INSTRUCTIONS FOR THE TASK: From the line containing "Colts expect QB" to the final line of the entries, every line is to be reproduced exactly; no other line belongs in the output.

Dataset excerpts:
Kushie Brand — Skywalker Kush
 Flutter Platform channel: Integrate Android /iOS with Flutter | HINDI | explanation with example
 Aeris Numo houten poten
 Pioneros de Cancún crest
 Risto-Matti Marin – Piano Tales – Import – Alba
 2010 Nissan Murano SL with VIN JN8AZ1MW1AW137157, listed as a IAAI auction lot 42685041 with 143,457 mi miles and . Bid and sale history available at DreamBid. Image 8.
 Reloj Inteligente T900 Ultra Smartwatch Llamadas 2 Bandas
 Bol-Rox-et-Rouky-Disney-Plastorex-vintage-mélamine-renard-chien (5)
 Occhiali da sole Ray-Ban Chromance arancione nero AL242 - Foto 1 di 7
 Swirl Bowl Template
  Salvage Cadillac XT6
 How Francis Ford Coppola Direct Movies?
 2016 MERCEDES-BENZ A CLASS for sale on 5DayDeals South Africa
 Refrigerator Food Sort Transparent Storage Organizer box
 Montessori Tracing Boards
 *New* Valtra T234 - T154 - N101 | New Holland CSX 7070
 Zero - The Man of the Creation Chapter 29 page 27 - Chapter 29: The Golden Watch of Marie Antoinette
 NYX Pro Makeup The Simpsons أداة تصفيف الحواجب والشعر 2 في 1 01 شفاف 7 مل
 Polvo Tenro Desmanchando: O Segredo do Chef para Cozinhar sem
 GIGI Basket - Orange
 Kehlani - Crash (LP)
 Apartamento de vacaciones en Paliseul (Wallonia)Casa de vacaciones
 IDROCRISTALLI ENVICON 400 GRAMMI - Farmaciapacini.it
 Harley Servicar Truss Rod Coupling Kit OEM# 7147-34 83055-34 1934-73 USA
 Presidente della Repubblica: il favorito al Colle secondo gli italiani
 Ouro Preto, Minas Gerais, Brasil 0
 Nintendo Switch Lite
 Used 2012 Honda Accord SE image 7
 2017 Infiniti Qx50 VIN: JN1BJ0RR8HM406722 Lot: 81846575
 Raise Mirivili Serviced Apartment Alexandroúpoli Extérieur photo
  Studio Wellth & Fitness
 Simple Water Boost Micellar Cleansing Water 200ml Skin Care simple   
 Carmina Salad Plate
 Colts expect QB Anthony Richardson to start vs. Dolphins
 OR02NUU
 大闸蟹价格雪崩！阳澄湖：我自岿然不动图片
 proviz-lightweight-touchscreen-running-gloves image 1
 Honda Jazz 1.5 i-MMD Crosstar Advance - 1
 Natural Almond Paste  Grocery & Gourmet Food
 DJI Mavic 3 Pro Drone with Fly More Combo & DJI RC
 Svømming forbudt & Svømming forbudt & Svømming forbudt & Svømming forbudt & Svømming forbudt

RESPONSE FOR THIS EXERCISE:
 Colts expect QB Anthony Richardson to start vs. Dolphins
 OR02NUU
 大闸蟹价格雪崩！阳澄湖：我自岿然不动图片
 proviz-lightweight-touchscreen-running-gloves image 1
 Honda Jazz 1.5 i-MMD Crosstar Advance - 1
 Natural Almond Paste  Grocery & Gourmet Food
 DJI Mavic 3 Pro Drone with Fly More Combo & DJI RC
 Svømming forbudt & Svømming forbudt & Svømming forbudt & Svømming forbudt & Svømming forbudt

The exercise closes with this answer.